The response must consist of the lines below from the one with "Clare biking down hill.jpg" through the one with "brie puff pastry", exactly as they appear and with both ends kept.

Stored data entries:
---*---

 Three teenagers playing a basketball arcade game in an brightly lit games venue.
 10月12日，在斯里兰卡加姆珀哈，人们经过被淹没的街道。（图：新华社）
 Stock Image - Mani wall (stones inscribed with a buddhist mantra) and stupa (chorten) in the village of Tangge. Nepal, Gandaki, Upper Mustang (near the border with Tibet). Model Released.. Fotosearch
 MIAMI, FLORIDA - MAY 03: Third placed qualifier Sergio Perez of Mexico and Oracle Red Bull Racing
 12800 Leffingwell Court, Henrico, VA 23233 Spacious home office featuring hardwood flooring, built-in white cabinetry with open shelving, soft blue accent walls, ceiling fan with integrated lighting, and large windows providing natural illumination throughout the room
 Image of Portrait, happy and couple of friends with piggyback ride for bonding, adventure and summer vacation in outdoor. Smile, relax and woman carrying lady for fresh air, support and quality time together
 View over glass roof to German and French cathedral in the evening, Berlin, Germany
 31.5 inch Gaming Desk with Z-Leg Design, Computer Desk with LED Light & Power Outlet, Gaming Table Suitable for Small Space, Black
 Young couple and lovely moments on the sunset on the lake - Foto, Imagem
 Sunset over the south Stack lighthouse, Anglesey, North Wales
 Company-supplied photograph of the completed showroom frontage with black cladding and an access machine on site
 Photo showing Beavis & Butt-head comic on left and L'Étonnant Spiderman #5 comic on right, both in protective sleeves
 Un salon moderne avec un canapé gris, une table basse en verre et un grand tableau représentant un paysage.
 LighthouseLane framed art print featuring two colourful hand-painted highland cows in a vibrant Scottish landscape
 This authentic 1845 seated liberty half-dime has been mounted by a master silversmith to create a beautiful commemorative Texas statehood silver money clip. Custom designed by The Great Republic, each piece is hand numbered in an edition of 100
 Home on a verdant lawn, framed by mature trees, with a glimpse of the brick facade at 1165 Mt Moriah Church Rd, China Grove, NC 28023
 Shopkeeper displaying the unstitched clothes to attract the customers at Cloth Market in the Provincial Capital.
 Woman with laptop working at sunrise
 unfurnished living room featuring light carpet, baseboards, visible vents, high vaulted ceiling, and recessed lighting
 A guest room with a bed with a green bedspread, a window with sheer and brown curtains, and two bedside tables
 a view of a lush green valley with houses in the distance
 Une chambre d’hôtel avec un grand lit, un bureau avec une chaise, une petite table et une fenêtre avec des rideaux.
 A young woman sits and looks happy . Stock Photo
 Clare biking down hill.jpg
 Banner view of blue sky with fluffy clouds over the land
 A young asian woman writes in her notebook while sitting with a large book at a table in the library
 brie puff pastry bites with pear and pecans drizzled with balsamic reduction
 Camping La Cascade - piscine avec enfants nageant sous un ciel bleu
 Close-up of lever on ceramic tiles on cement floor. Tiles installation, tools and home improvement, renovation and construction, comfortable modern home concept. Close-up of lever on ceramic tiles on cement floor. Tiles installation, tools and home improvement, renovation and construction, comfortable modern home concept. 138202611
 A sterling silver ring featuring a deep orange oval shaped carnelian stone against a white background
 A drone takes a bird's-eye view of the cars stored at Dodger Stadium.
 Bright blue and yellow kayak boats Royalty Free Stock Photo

---*---

## REPLY
 Clare biking down hill.jpg
 Banner view of blue sky with fluffy clouds over the land
 A young asian woman writes in her notebook while sitting with a large book at a table in the library
 brie puff pastry bites with pear and pecans drizzled with balsamic reduction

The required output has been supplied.